▶ [Your goal]
Because the images are not wanted, restate every line below word for word without them.

▶ [Data provided]
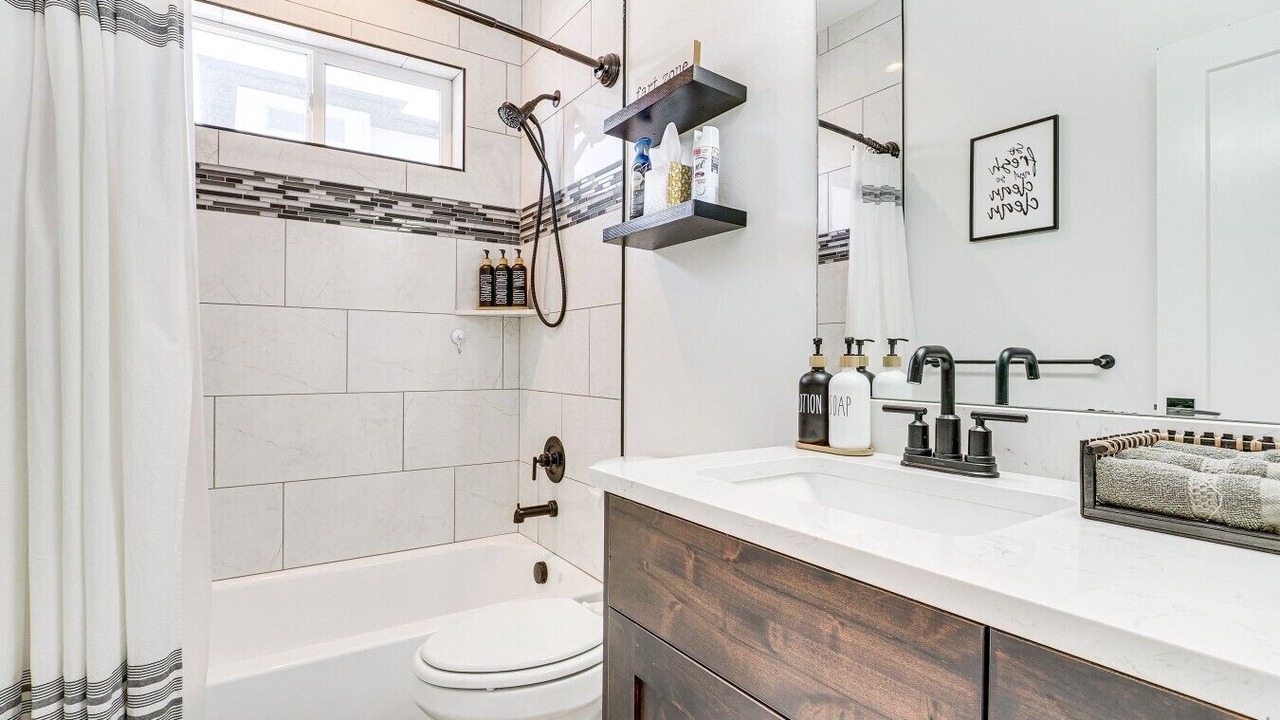Photo of Bathroom in Erda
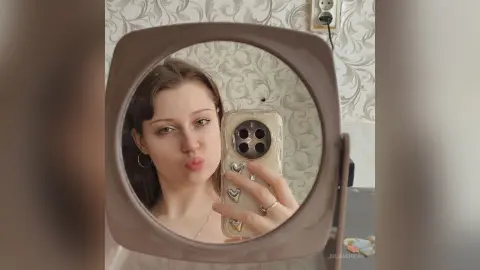 JuliaMoreau — Cute face)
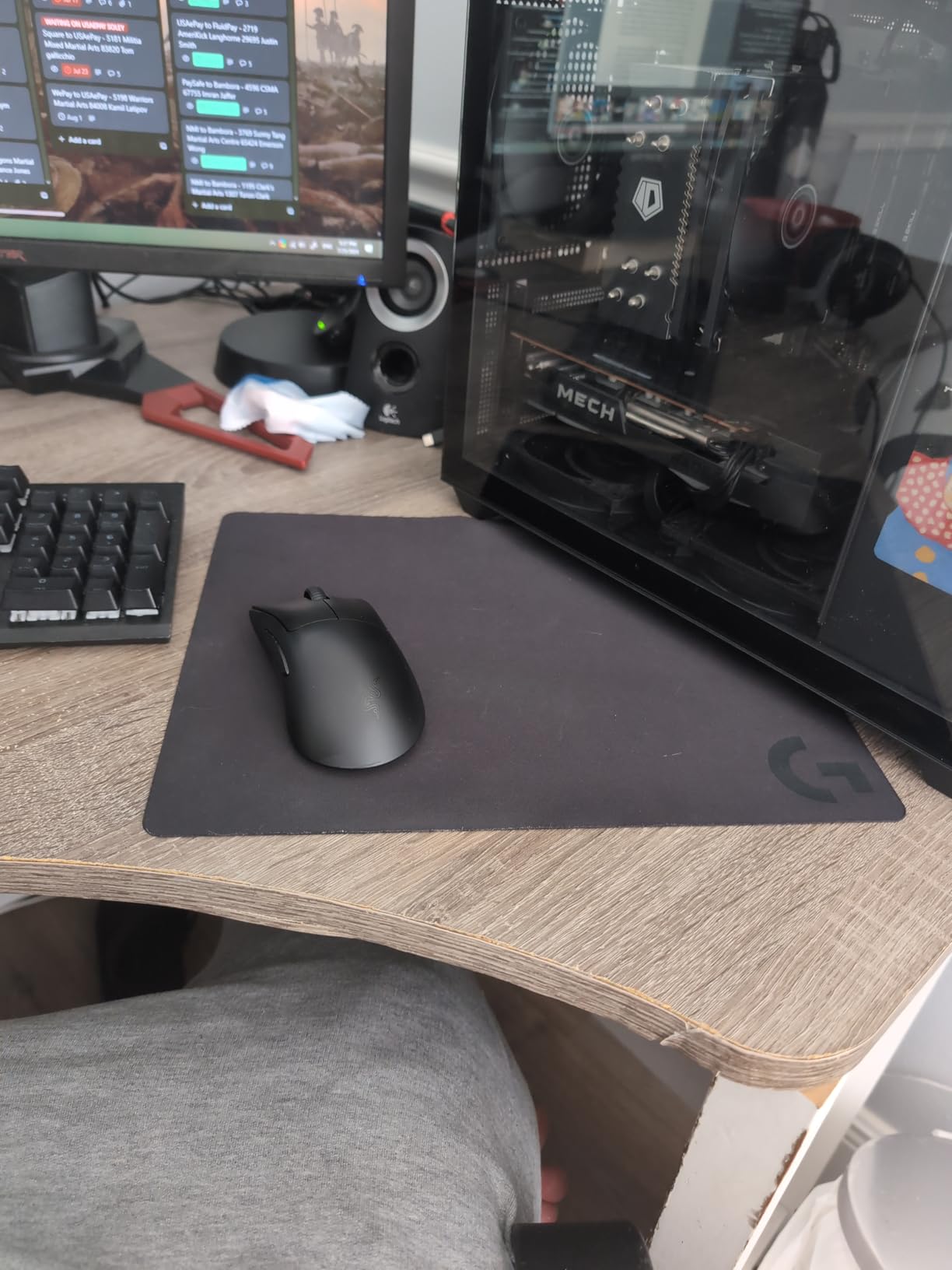 Logitech G840 XL Cloth Gaming Mouse Pad (900x400x3) - Black customer photo 2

▶ [Exercise output]
Photo of Bathroom in Erda
 JuliaMoreau — Cute face)
 Logitech G840 XL Cloth Gaming Mouse Pad (900x400x3) - Black customer photo 2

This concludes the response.